===== DATASET CONTENT
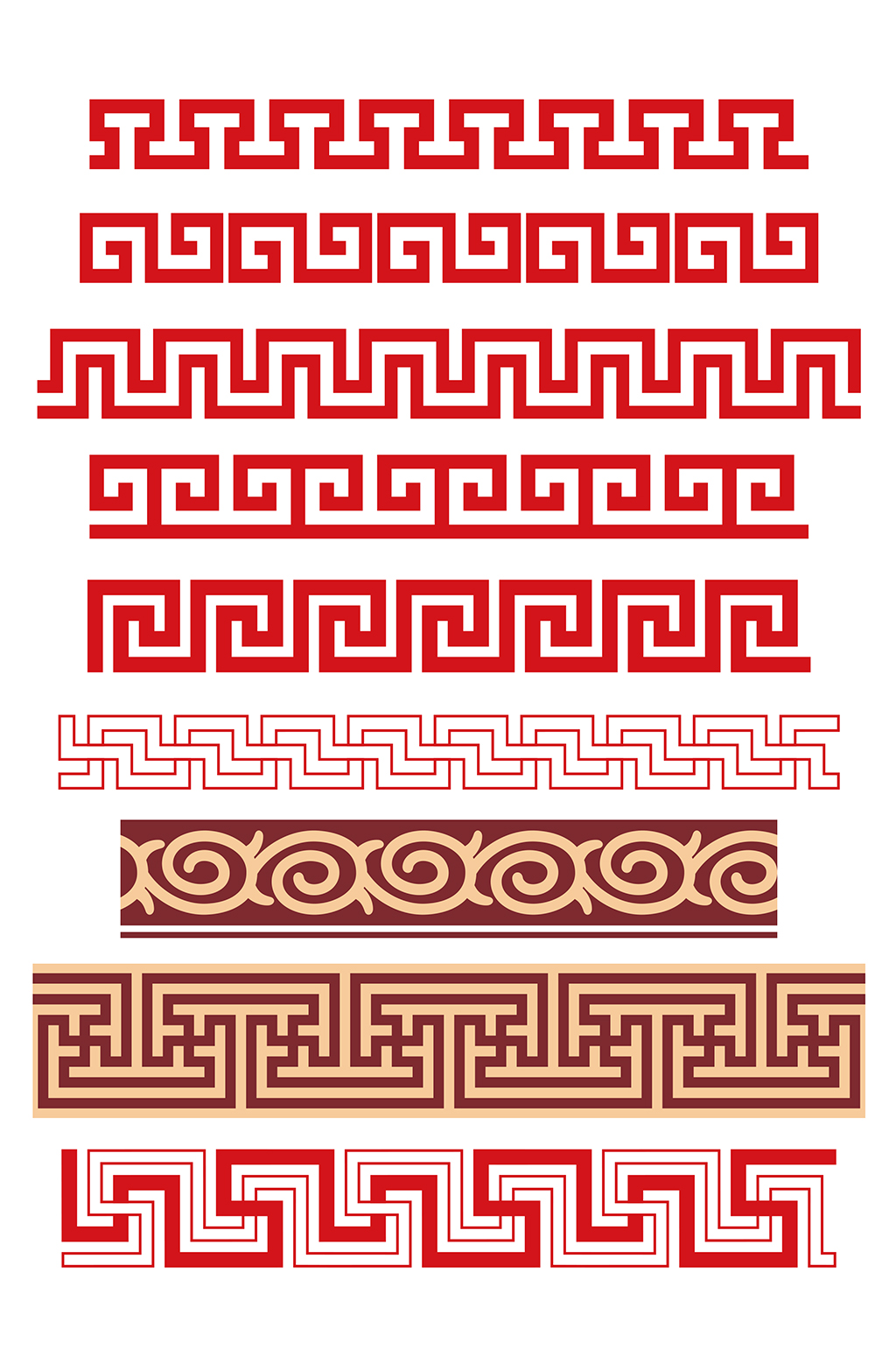 回形花边花纹雕刻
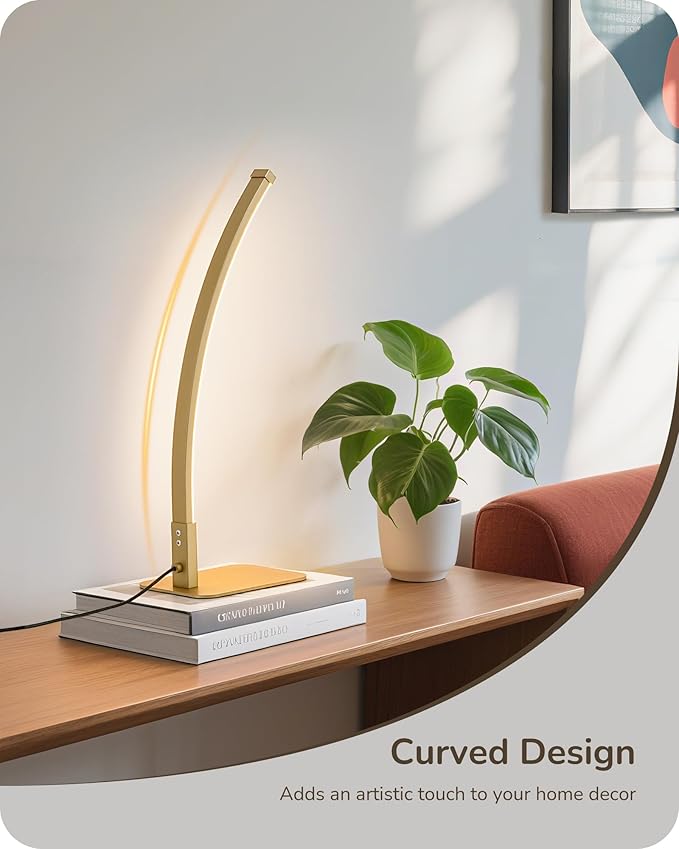 EDISHINE Curved LED Table Lamps for Living Room, Modern Bedside Lamp, Gold | 3 Color Temperature & Stepless Dimming, Aluminum & Iron, Silicone Lampshade, Ideal for Living Room, Office - Image 2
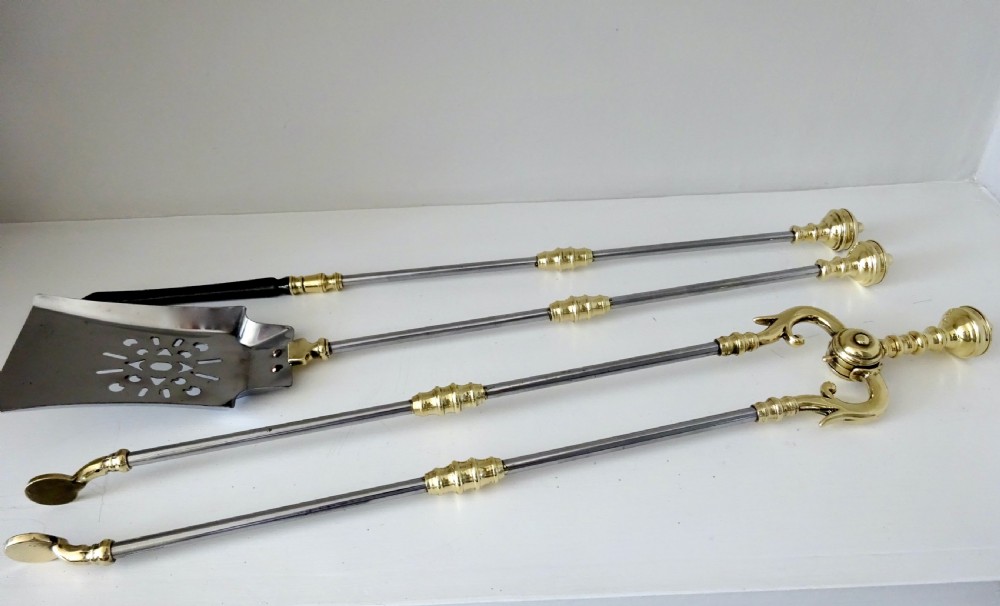SET OF STEEL AND BRASS FIRE IRONS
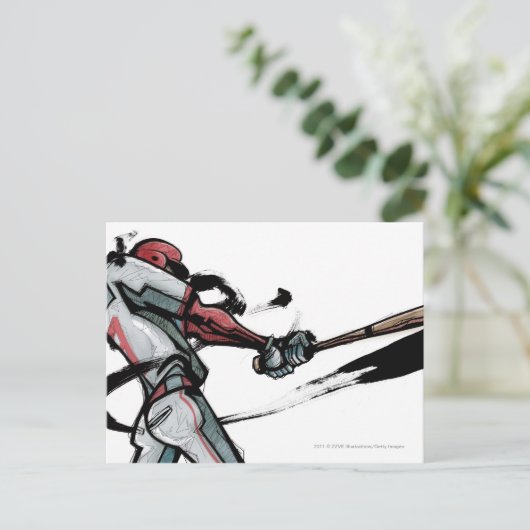 De speler slingerende knuppel van het honkbal, briefkaart (Staand voorkant)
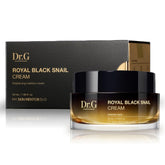 Dr.G Royal Black Snail Cream jar closeup showing rich hydration texture.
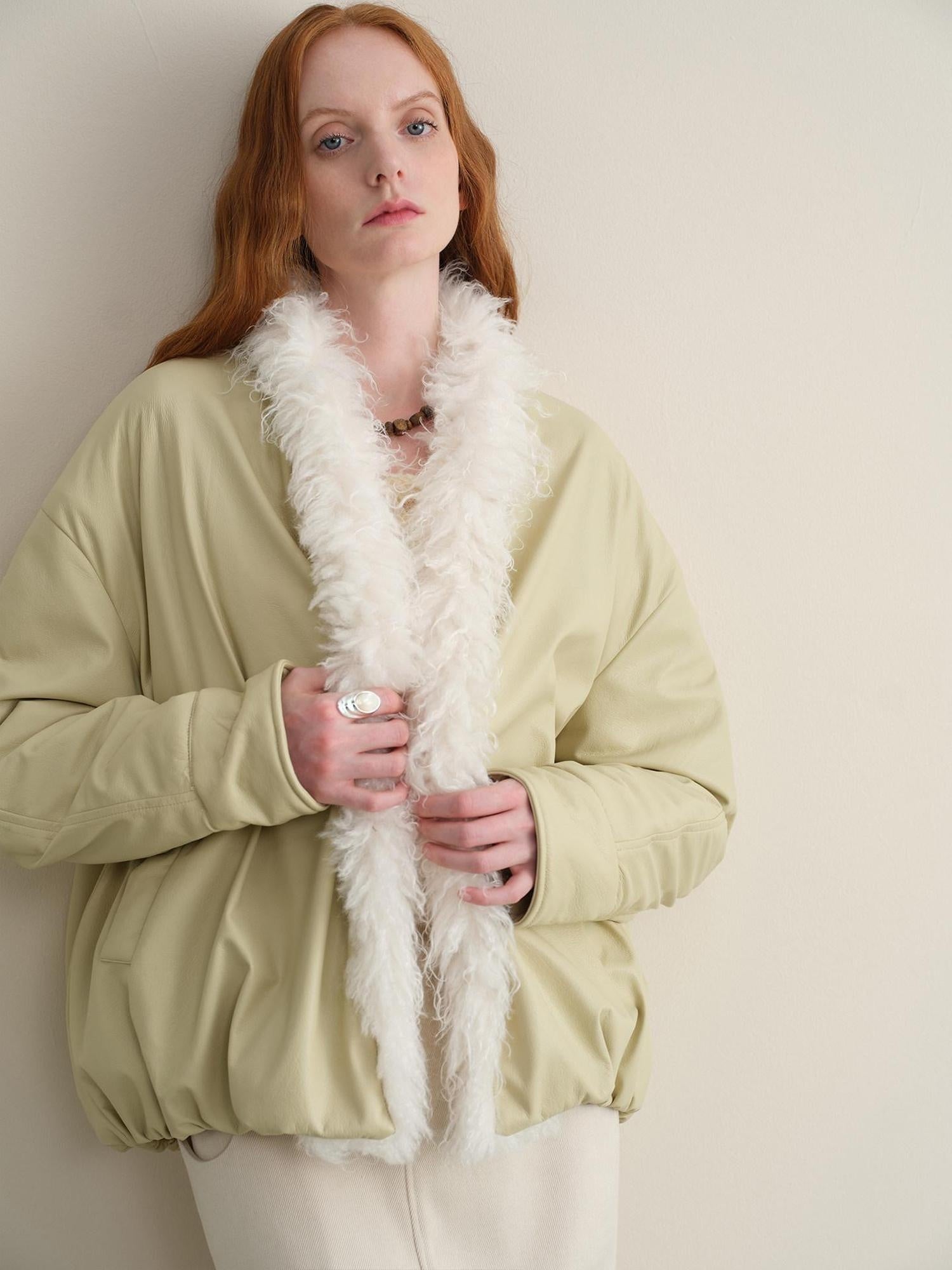 someone sometimes Vintage Oversized Patchwork Pu Lapel Women Reed Yellow Leather Jackets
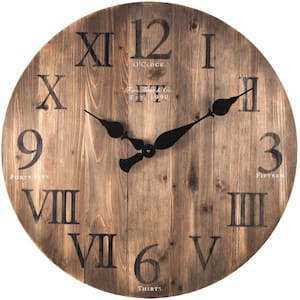 24 in. Rustic Weathered Barnwood Wall Clock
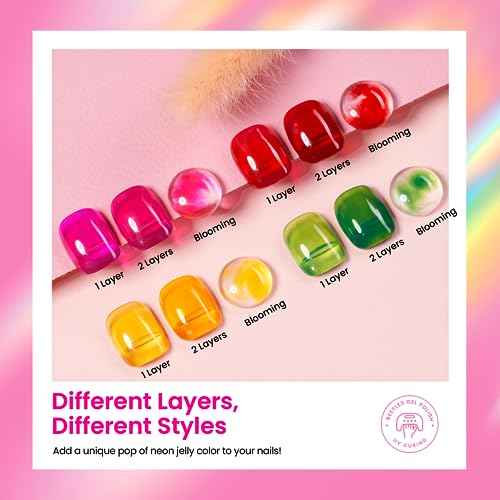 Beetles Gel Nail Polish Set, 6 Colors Silver Cat Eye Gel Polish Sheer Jelly Red Pink Yellow Green Black Neon Gel Translucent Glitter Effect with Magnet Soak Off UV Manicure Gifts for Women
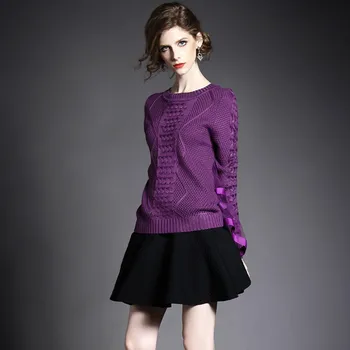 2018 Autumn Winter New Mesh Lace Stitching Women Pullover Sweater Solid Color O-Neck Irregular Female Casual Knit Sweater LQ123
2018 Autumn Winter New Mesh Lace Stitching Women Pullover Sweater Solid Color O-Neck Irregular Female Casual Knit Sweater LQ123
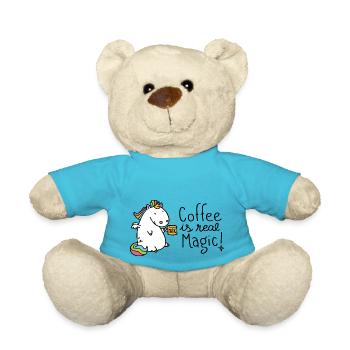 Coffee is real Magic - Teddy Bear - atoll blue - Front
==========
▸ **PROBLEM**
In the answer, the data should reappear exactly, with no pictures.

▸ **RESPONSE TO THIS EXERCISE**
 回形花边花纹雕刻
 EDISHINE Curved LED Table Lamps for Living Room, Modern Bedside Lamp, Gold | 3 Color Temperature & Stepless Dimming, Aluminum & Iron, Silicone Lampshade, Ideal for Living Room, Office - Image 2
SET OF STEEL AND BRASS FIRE IRONS
 De speler slingerende knuppel van het honkbal, briefkaart (Staand voorkant)
 Dr.G Royal Black Snail Cream jar closeup showing rich hydration texture.
 someone sometimes Vintage Oversized Patchwork Pu Lapel Women Reed Yellow Leather Jackets
 24 in. Rustic Weathered Barnwood Wall Clock
 Beetles Gel Nail Polish Set, 6 Colors Silver Cat Eye Gel Polish Sheer Jelly Red Pink Yellow Green Black Neon Gel Translucent Glitter Effect with Magnet Soak Off UV Manicure Gifts for Women
 2018 Autumn Winter New Mesh Lace Stitching Women Pullover Sweater Solid Color O-Neck Irregular Female Casual Knit Sweater LQ123
2018 Autumn Winter New Mesh Lace Stitching Women Pullover Sweater Solid Color O-Neck Irregular Female Casual Knit Sweater LQ123
 Coffee is real Magic - Teddy Bear - atoll blue - Front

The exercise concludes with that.